Herkesin dikkati ona yöneldi. Melek yerinde rahatsızca kıpırdanıp, "Üç yıl önce ne yaşandı amca?" diyerek koltukta ona doğru kaydı. "Tam olarak neler oldu?"

"Sen kafanı bunlarla yorma meleğim." Derin bir nefes alarak tekrar silahıyla ilgilenmeye başladı. "Hiçbir şey göründüğü gibi değil."

Gurur bazı konularda fazla ketum olmalı ki kimse ısrar ederek onu konuşturmaya çalışmadı. Farah dün gece Gurur'un ona kötü davranmadığını söylediği için üç yıl önce bilmediğimiz bir şeyler yaşandığını düşünmeye başladım. Gurur hiçbir şeyin göründüğü gibi olmadığını söylemişti. Bu sözlerle bile ona zarar vermediğini düşündürüyordu. O zaman Farah neden ondan bu kadar çok korkuyordu?

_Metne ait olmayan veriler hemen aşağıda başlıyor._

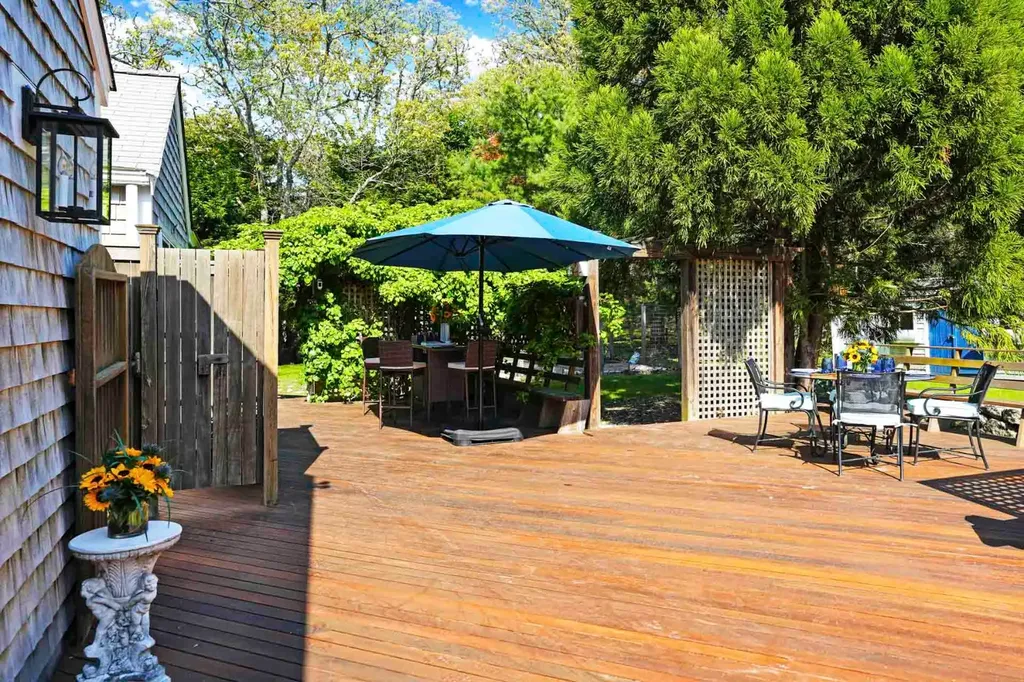 17 Oakdale Drive Edgartown MA 02539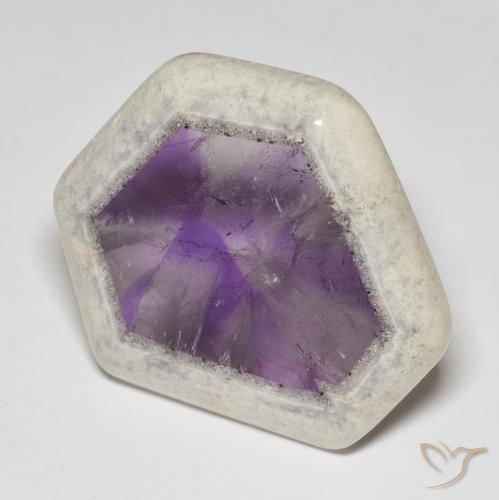 Corte de geoda de amatista multicolor natural de 66,39 ct, forma elegante, transparente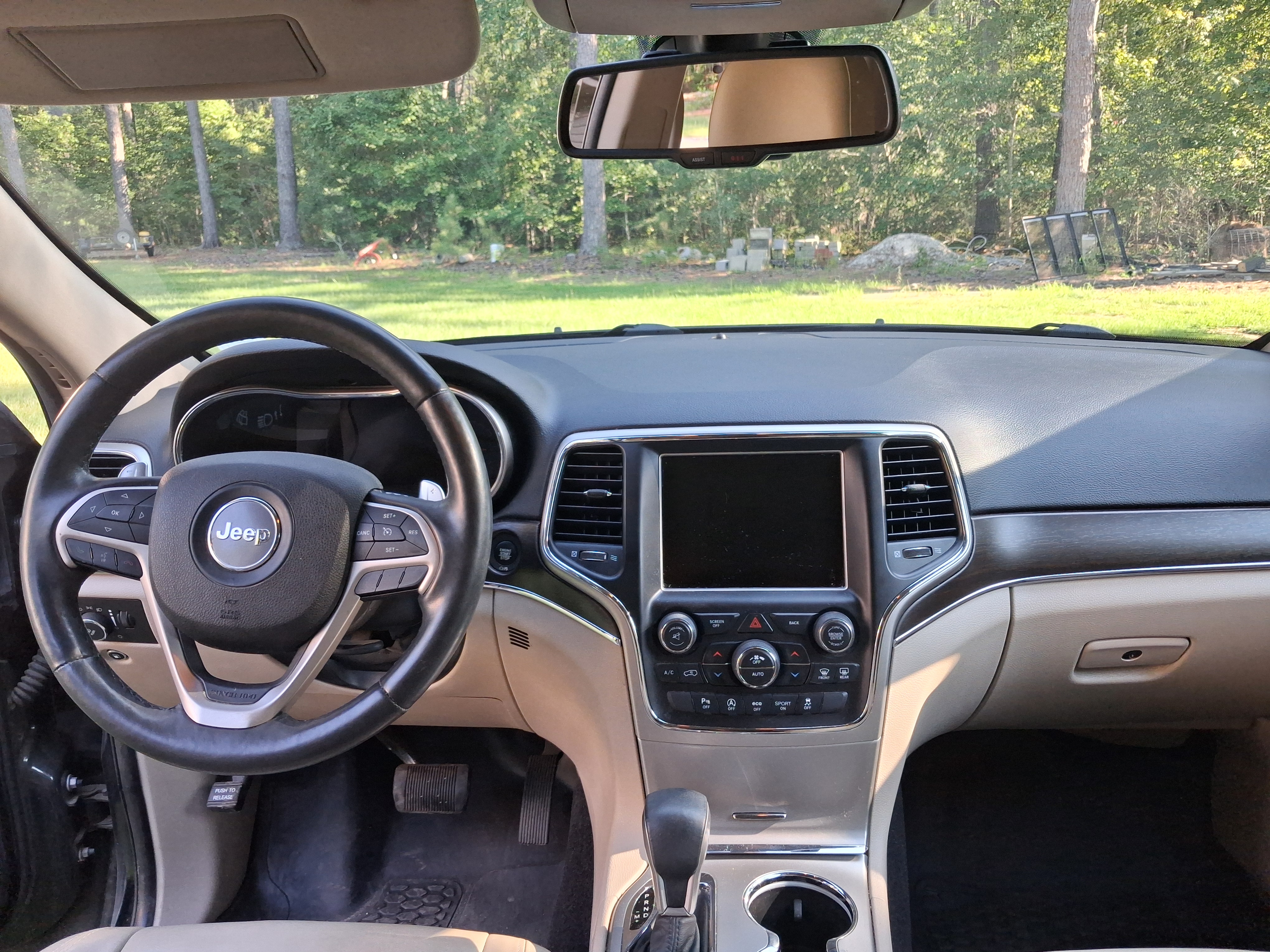Used 2016 Jeep Grand Cherokee Limited w/ Trailer Tow Group IV AWD/4WD image 4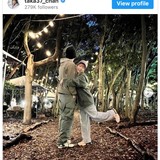 高橋みなみ、長身夫に抱きつく夫婦ショット　結婚記念日を報告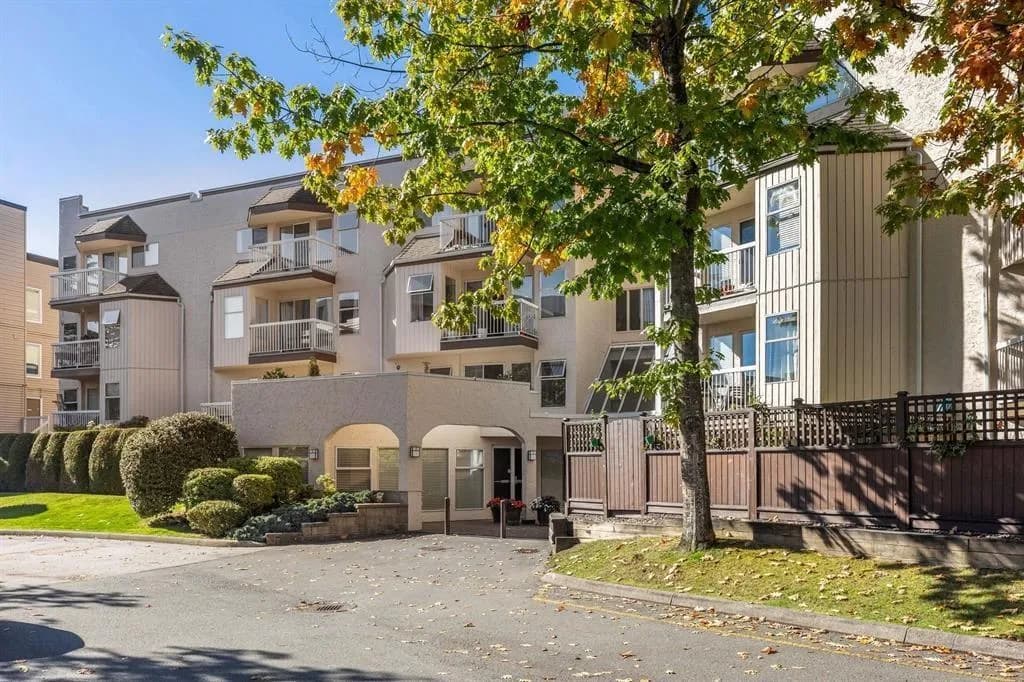 #210 1860 E SOUTHMERE CRESCENT, Surrey, BC photo 1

Farah'ın bu kadar ürkek olmasının nedeni ne olabilirdi. Aklıma gelen korkunç düşünceyle, "Acaba babası ona şiddet uyguluyor olabilir mi?" dediğimde buna hiç ihtimal vermiyormuş gibi başını iki yana salladı. "Böyle bir şey sezseydim çoktan o piçin işini bitirirdim." Bunu söylerken sesinde hiç tereddüt yoktu. "Annesi ve babası onun üzerine titriyor. Farah'ın böyle olması en çok onları üzüyor."

"O zaman sorun ne?" dedi Çağıl.

"Nereden bileyim lan! Bende bunu anlamaya çalışıyorum."

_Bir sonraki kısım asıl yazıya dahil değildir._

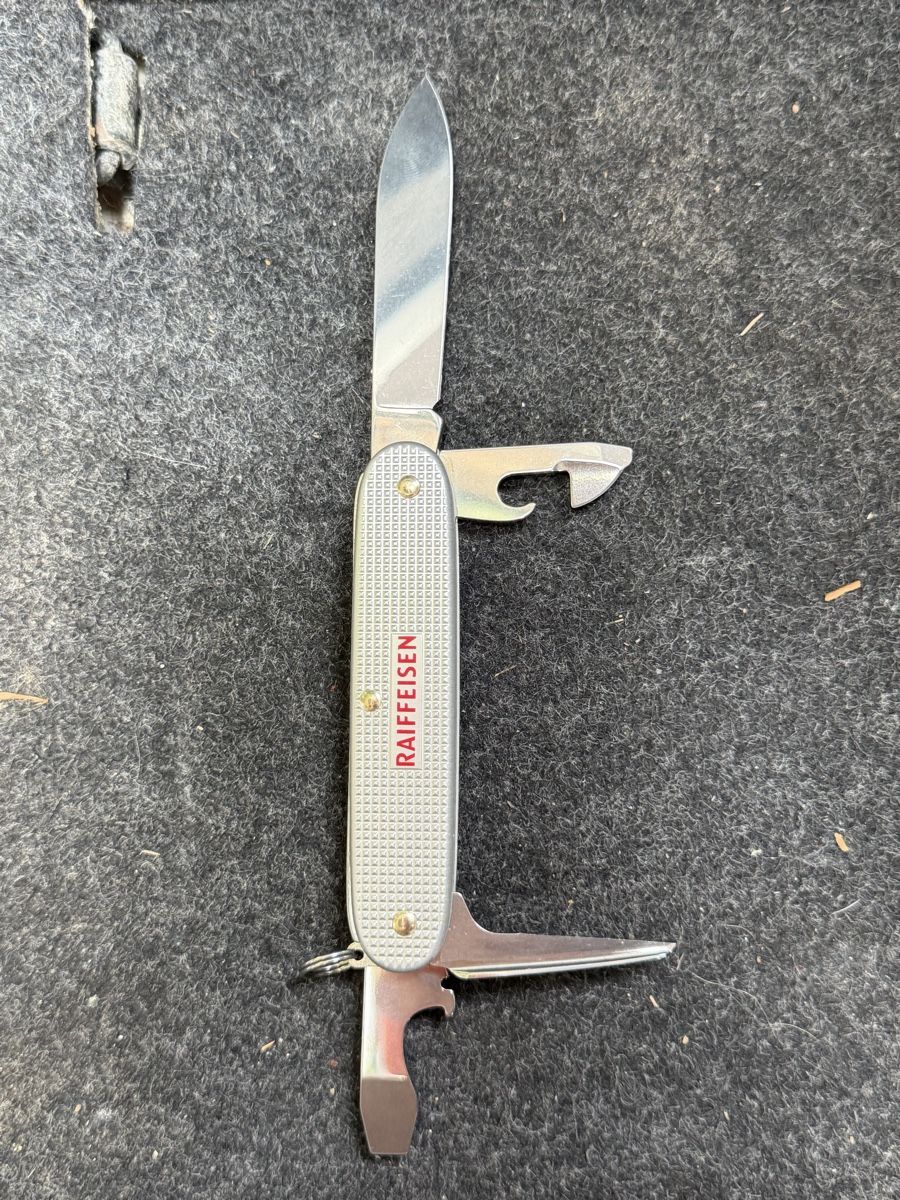 Victorinox Taschenmesser: Couteau de poche Victorinox  – Gebraucht aus Domdidier von Watch3210 5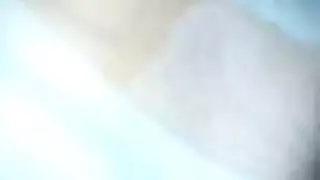 الطالبة يناس تأخذ قضيبًا سمينًا في الفصل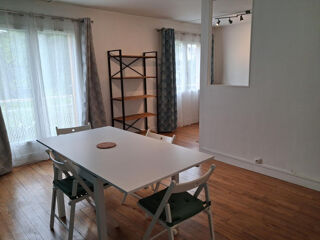  Appartement à louer 3 pièces 60 m²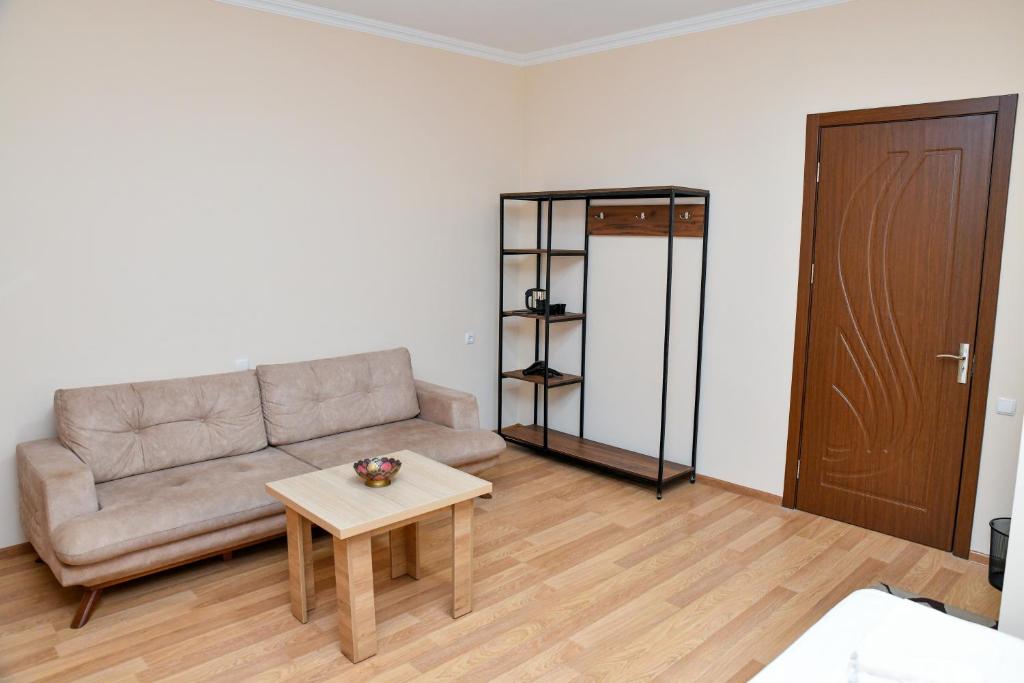 Posezení v ubytování Just Inn Kutaisi
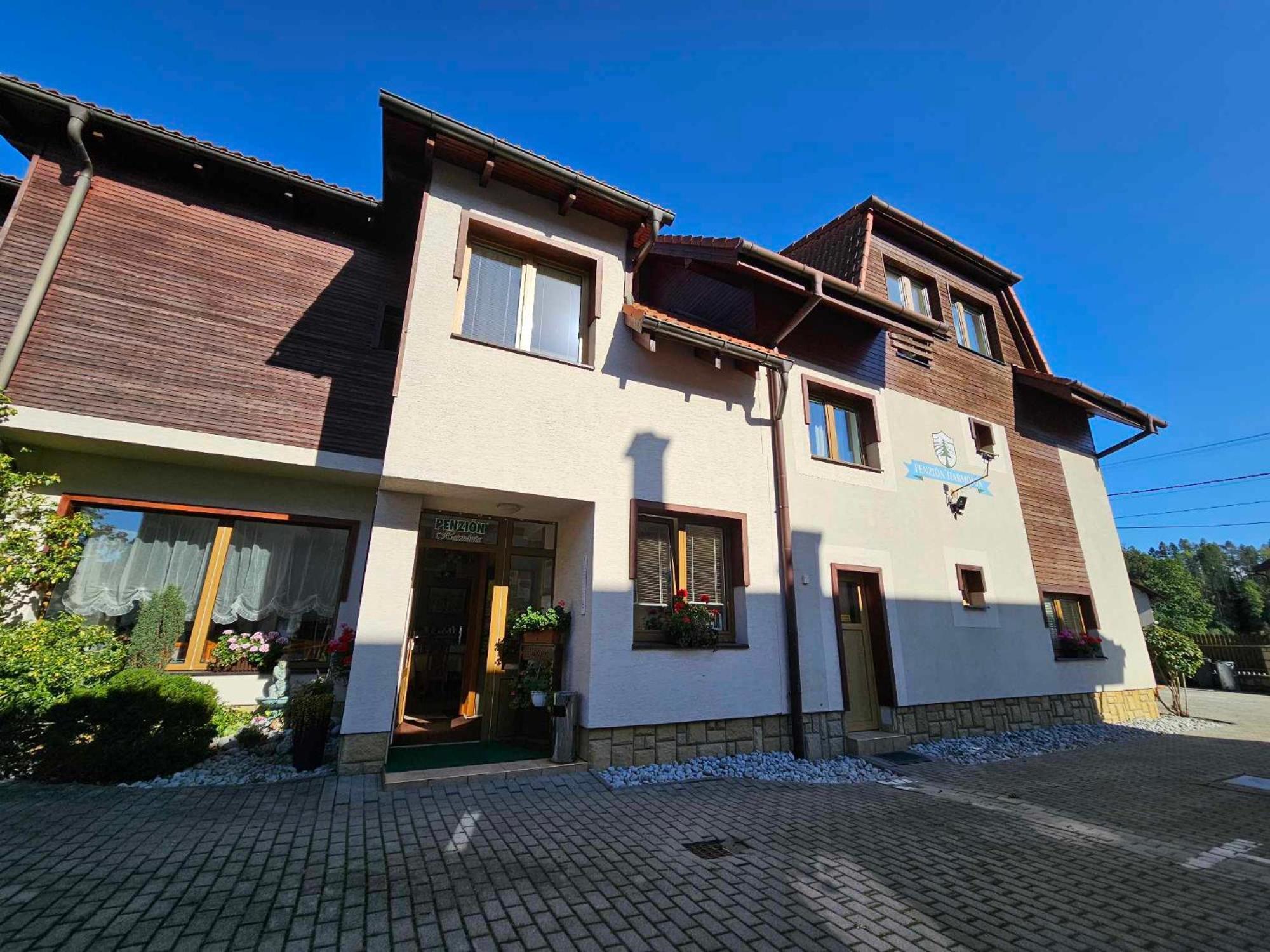 Penzion Harmonia Liptovský Mikuláš Exterior foto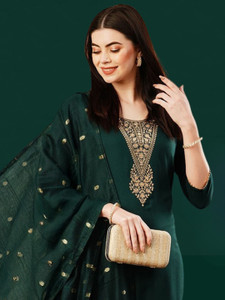 aurbhi Women Kurti Pant Dupatta Set - Image 4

Melek sırıttı. "Onun için endişeleniyorsun, değil mi?" dediğinde hayatındaki en saçma şeyi duymuş gibi yüzünü abartılı bir ifadeyle buruşturdu. "Ümit'in kızına ne olduğu umurumda değil." İlgilenmiyormuş gibi omuz silkti. "Ona ne olduğu benim değil babasının sorunu." Bunları inanarak söylediğini hiç sanmıyorum.

"Karun'da ilk zamanlar Bige için böyle söylüyordu." Çağıl gülmemeye çalışarak amcasının üzerine gitmeye devam etti. "Sen şimdi düşmanının kızından çocuk da yaparsın?" Bu sefer gülüşüne engel olamadı. "Küçük bir Gurur alır mıyız kucağımıza?"

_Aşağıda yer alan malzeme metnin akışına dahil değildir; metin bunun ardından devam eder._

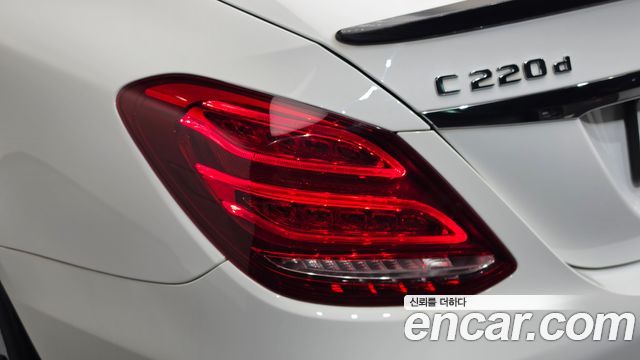 Mercedes-Benz C-Class (W205) C220 d Avantgarde 2018 — фото 23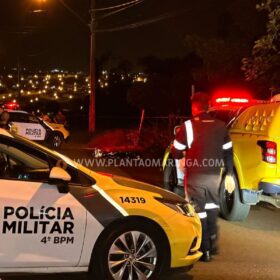 Fotos de Câmera registra homem sendo executado com 30 tiros na cabeça na frente do filho em Maringá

Parçaladığı silahını yağlayan Gurur, söktüğü her parçayı cilalayıp yeniden takıyordu. "Benum zaten bir çocuğum vardur." Uzun süre bizim gibi konuşamadığı için tekrar Karadeniz ağzıyla konuşmaya başladı. Başıyla yulaflı bisküviyi yiyen Melek'i işaret etti. "O yeteyi bana, fazlasuna gerek yoktur."

"Yoktur tabii." Melek ona yılışarak başını amcasının omuzuna yasladı ve yüzünü onun omuzuna sürtüp kedi gibi mırıldandı. "Sadece beni seveysin değul mu amca?"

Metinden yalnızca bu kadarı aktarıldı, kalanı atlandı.